[[ Information supplied open ]]
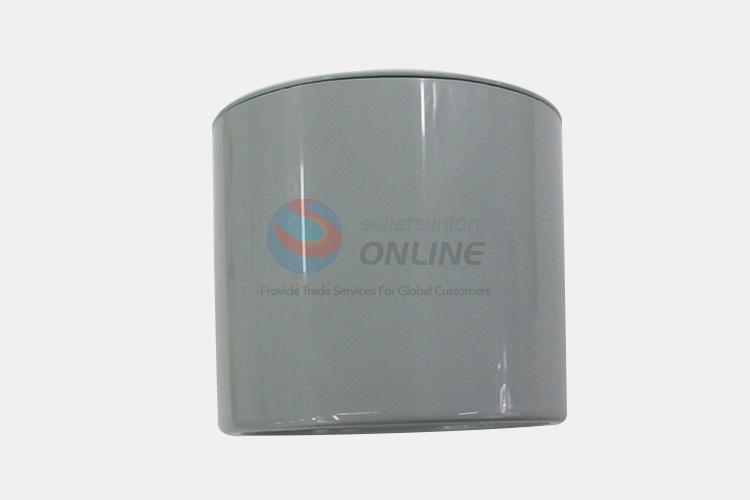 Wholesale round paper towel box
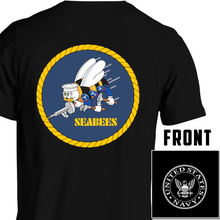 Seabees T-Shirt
[[ Information supplied closed ]]
[[ Information supplied open ]]
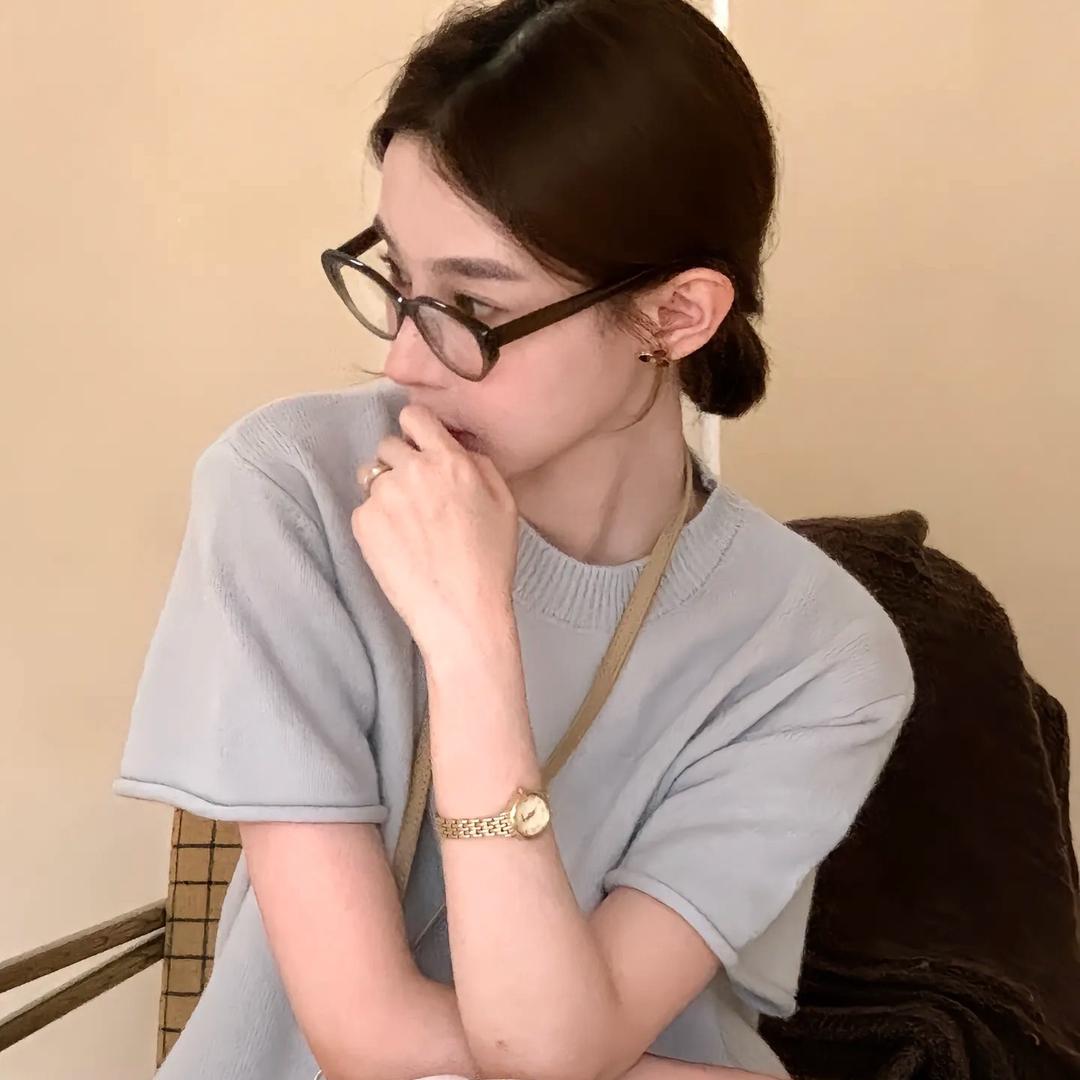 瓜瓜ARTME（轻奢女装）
[[ Information supplied closed ]]
[[ Information supplied open ]]
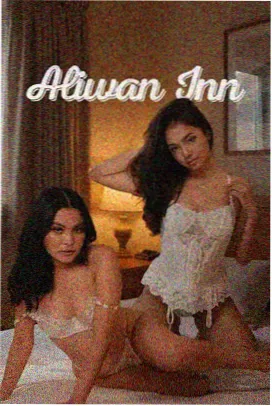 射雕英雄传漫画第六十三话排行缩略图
[[ Information supplied closed ]]
● Your objective: Of the records above, print only the lines from the one containing "Wholesale round paper towel box" through the one containing "Seabees T-Shirt", inclusive and unaltered, leaving out pictures.

● Solution:
 Wholesale round paper towel box
 Seabees T-Shirt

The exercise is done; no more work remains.